Thank you very much for the information, yeah i havnt even attempted to try to figure out the battery situation, its good to know that the 200mile mark is not really achievable. The AC/DC debate has been going on in my head for like 2 weeks now, im not sure how i wish to go to be honest, im not that familiar with regenerative braking but i will look into the link you provided. How are you liking your HPEVS AC50?

In addition, i was considering looking into a dual shaft motor so that i may create a basic pulley system for the AC and PW steering, i know i would still need to pick up an electric vacuum pump for the power brakes though. Have you or anyone you know attempted this. I know it should reduce range but i want it to be comfortable to drive.


----------



## Moltenmetal (Mar 20, 2014)

I love my AC50 in my ~1900 lb Spitfire, but you might find it too sluggish for your liking.
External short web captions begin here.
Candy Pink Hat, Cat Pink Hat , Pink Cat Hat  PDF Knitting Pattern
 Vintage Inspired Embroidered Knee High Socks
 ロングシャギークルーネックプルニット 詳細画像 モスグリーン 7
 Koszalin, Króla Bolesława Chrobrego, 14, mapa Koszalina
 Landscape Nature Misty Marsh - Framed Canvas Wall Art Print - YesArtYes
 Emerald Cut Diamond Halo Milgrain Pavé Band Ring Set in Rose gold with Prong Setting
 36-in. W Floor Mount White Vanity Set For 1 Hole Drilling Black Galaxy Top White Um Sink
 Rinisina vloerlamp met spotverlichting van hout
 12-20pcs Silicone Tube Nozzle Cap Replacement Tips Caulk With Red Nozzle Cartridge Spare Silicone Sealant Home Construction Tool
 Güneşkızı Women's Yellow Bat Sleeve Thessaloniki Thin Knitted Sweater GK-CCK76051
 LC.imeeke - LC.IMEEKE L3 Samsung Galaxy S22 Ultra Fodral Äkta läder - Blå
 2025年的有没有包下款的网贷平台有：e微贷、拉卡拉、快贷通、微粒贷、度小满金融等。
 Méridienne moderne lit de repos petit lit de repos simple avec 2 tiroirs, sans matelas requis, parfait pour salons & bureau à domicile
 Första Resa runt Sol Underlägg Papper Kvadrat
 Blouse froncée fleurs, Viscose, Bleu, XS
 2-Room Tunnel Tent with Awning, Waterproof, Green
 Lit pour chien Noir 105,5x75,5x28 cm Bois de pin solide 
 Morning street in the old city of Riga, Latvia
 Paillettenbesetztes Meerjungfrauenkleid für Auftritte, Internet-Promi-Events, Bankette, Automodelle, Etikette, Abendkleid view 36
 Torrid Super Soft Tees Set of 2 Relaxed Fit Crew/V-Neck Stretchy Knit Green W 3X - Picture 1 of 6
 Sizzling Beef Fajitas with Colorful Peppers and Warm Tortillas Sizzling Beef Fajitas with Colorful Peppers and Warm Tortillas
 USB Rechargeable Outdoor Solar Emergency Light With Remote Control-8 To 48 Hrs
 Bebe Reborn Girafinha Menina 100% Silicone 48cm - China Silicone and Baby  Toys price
But to give you an idea- I never use my clutch to take off- just to shift gears. I can take off comfortably in 2nd and ok in 3rd, though having a fixed speed would be embarrassing if I wanted a top speed above 70 mph. The tranny is essential with the AC50 unless you are willing to compromise on either top speed or acceleration.

Regen braking is awesome- way less wear and tear on the brakes. Modest range gains though unless you're in really hilly country. But a big DC motor with the right controller and a large pack so you have enough current capacity will rock your world with torque...

Generally people run separate electric pumps for PS and PB. Lots of cars here in the garage and build threads have done it. Idling your drive motor is pretty much a waste for that purpose. But for A/C it might be worth it- there are no easy DC driven A/C compressors out there. There are builds here with pulley systems for you to look at.


----------



## dougingraham (Jul 26, 2011)

Tizzle240 said:


> Thank you very much for the information, yeah i havnt even attempted to try to figure out the battery situation, its good to know that the 200mile mark is not really achievable.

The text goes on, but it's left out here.